• THE RECORDS

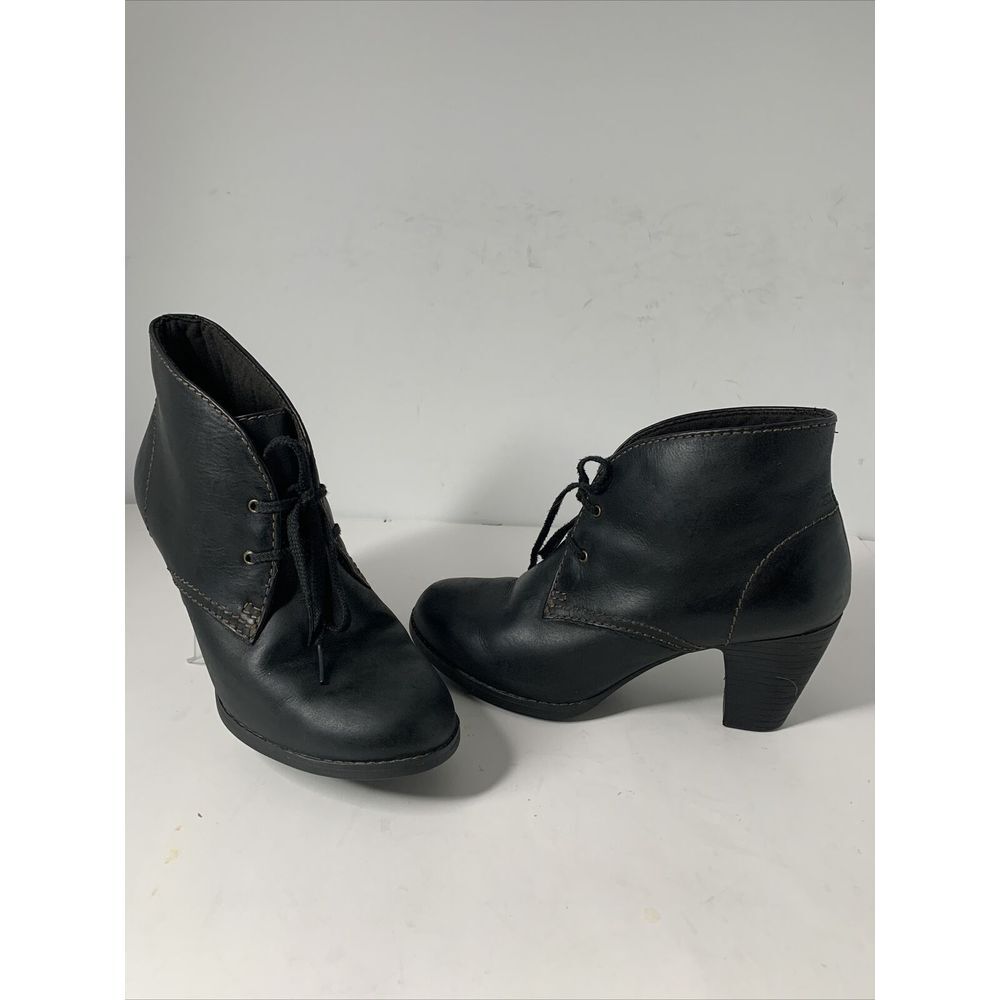 Clarks Boots Womens 8.5 M Bootie High Heel Ankle 62685 Black Leather Lace Up EUC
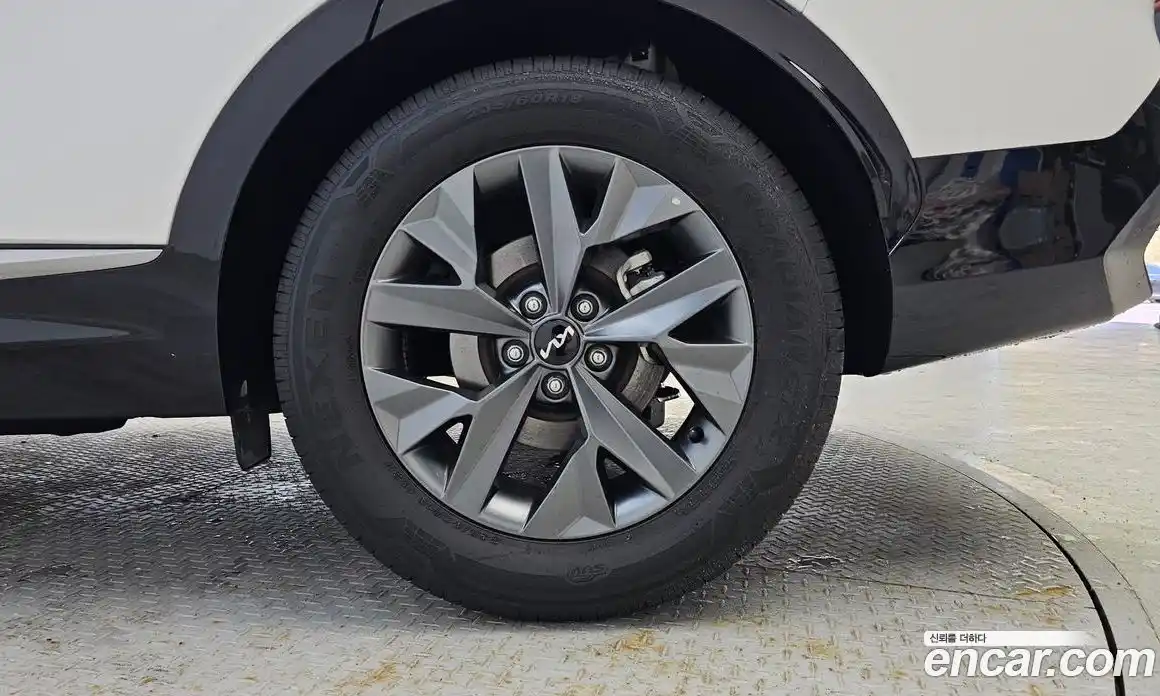 Kia Sportage 2022 1.6 автомат (гидро), фото 7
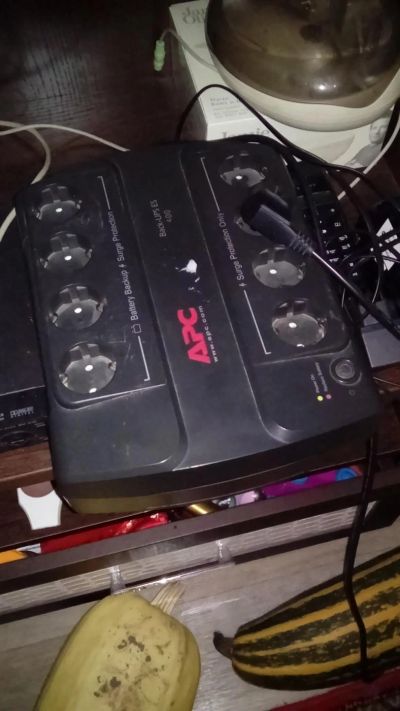 Лот: 6279018. Фото: 1. ибп apc back-ups es 400. ИБП, аккумуляторы для ИБП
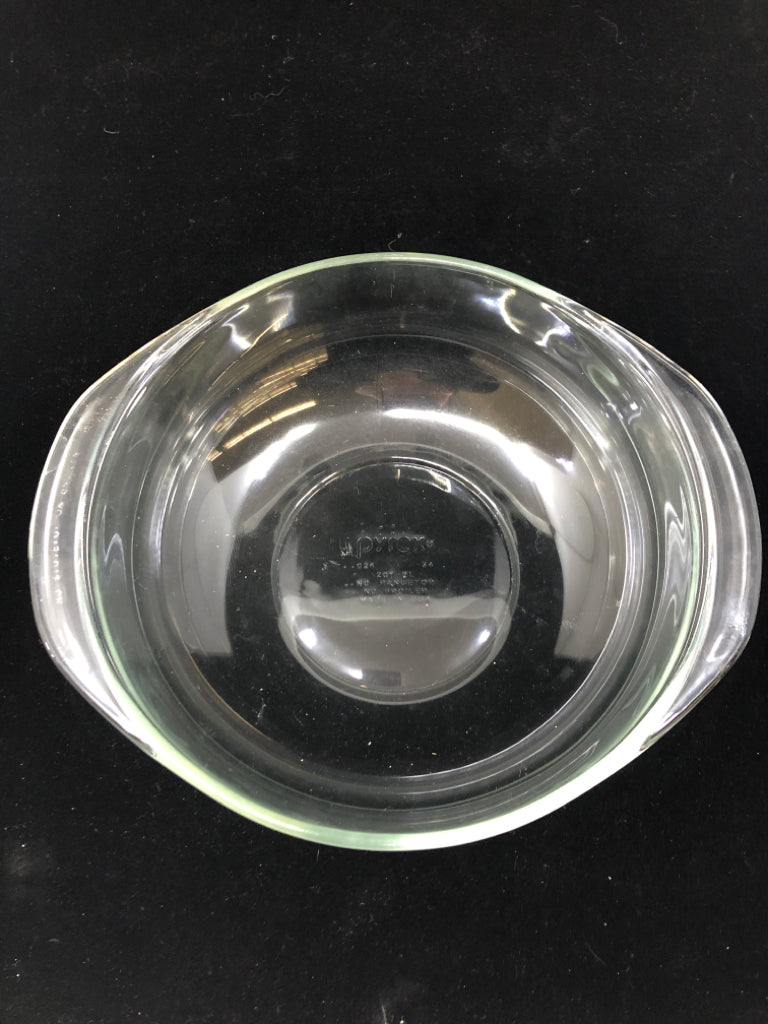 ROUND PYREX CLEAR GLASS MIXING BOWL W/HANDLES.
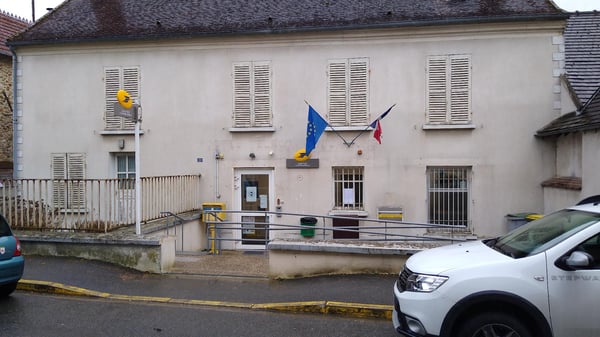 Photo du point La Poste Agence Communale OZOUER LE VOULGIS Mairie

• YOUR OBJECTIVE
After locating the line with "ROUND PYREX CLEAR" in the listing above, transcribe it and every line after it to the last, exactly, with no pictures.

• SOLUTION TO THIS PROBLEM
 ROUND PYREX CLEAR GLASS MIXING BOWL W/HANDLES.
 Photo du point La Poste Agence Communale OZOUER LE VOULGIS Mairie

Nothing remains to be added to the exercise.